The data →
○ ○ ○ ○ ○

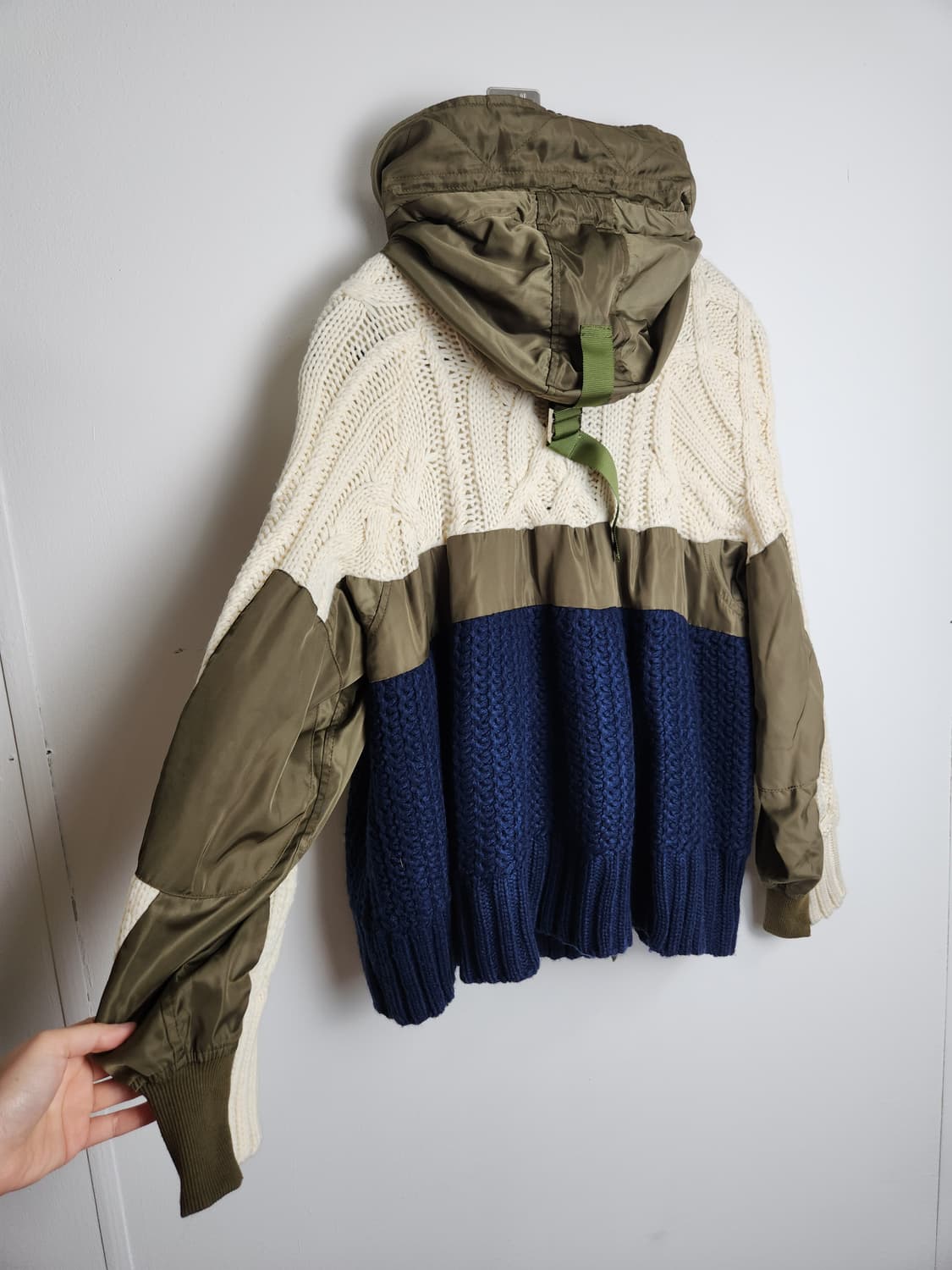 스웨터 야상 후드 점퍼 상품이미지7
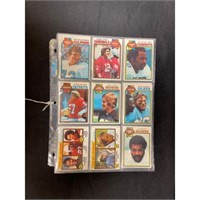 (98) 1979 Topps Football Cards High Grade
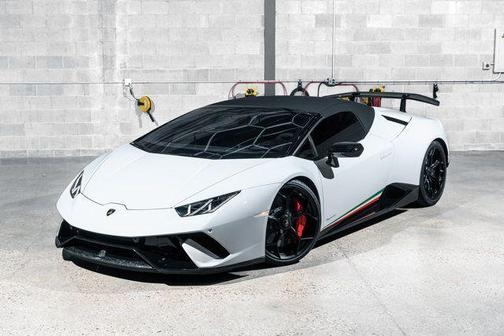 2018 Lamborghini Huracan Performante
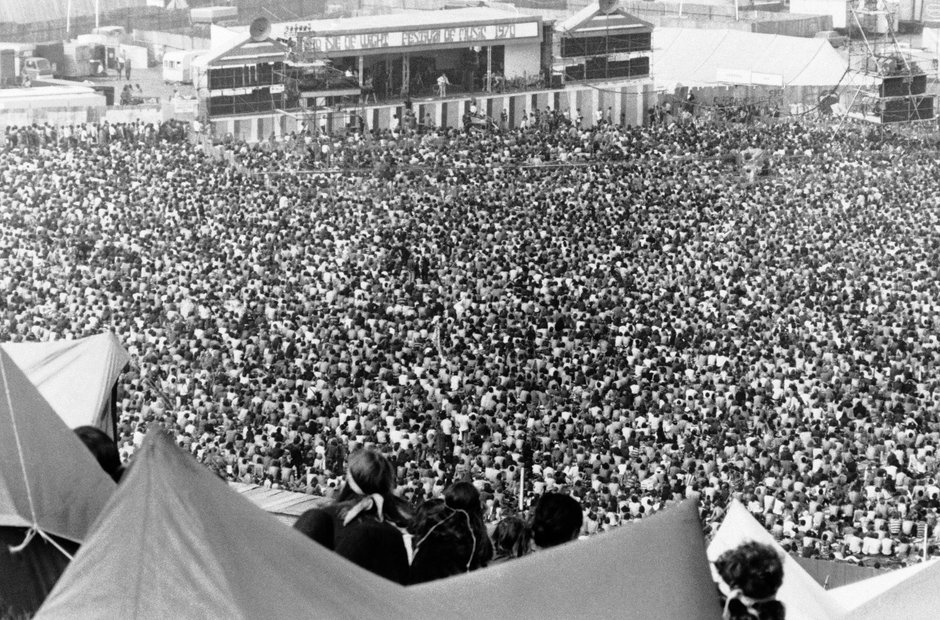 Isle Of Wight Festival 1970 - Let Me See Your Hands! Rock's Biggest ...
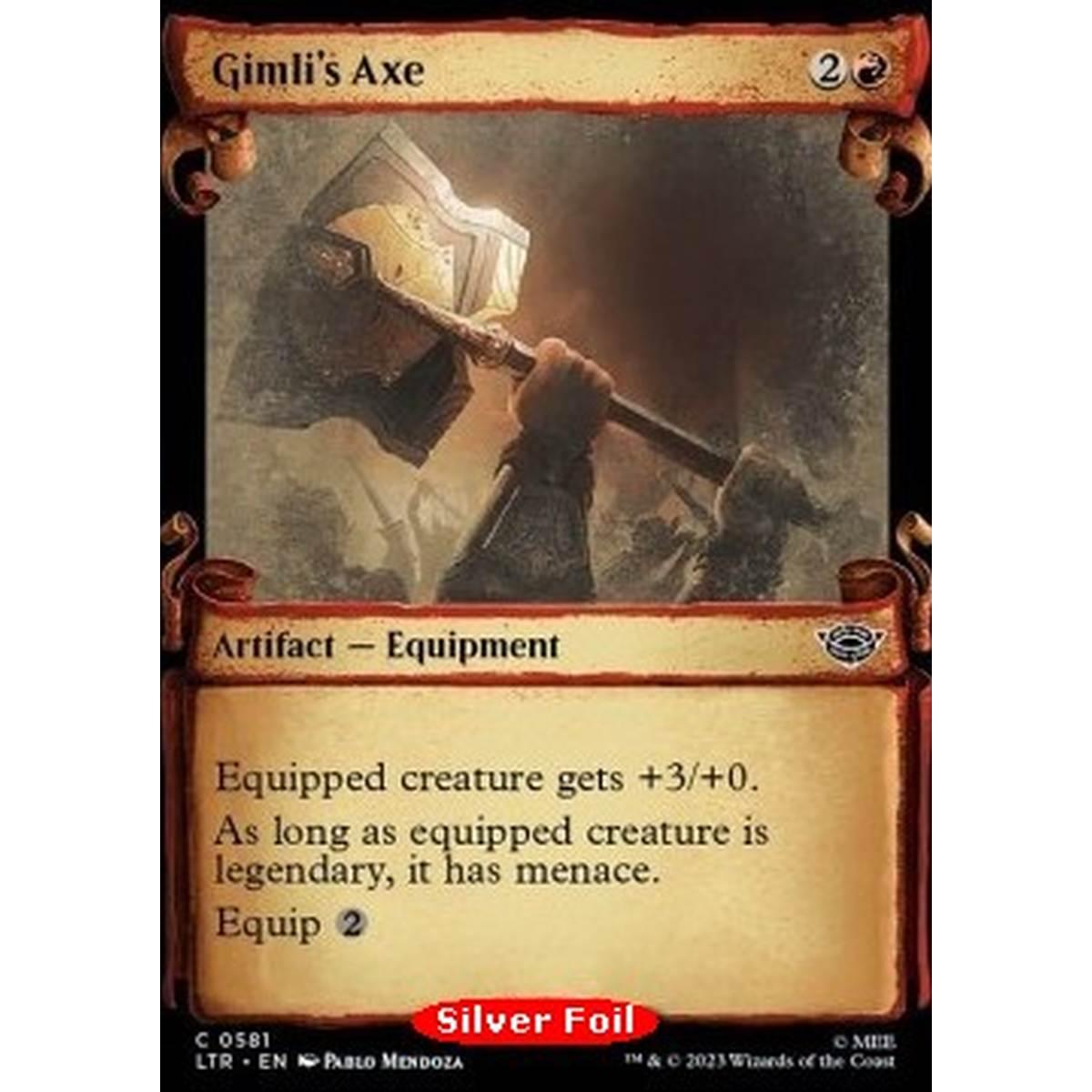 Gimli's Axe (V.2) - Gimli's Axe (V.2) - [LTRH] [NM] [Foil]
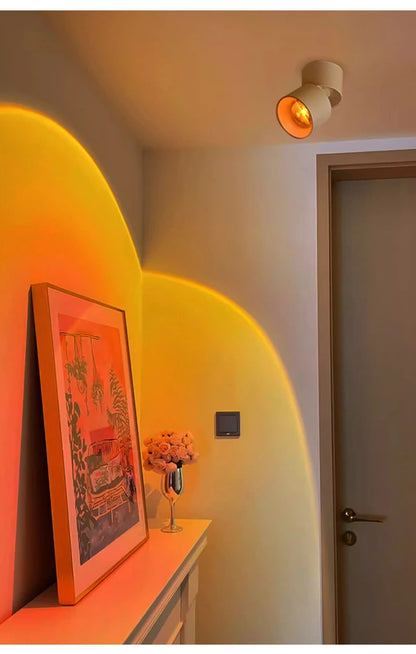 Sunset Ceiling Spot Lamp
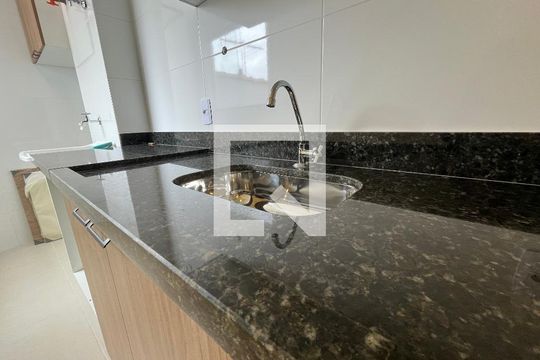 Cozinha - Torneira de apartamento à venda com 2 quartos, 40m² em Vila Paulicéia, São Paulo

○ ○ ○ ○ ○

The lines from the one containing "Sunset Ceiling Spot Lamp" through the final line of the data are to be repeated exactly, with both ends included and all pictures left out.

Answer box →
 Sunset Ceiling Spot Lamp
 Cozinha - Torneira de apartamento à venda com 2 quartos, 40m² em Vila Paulicéia, São Paulo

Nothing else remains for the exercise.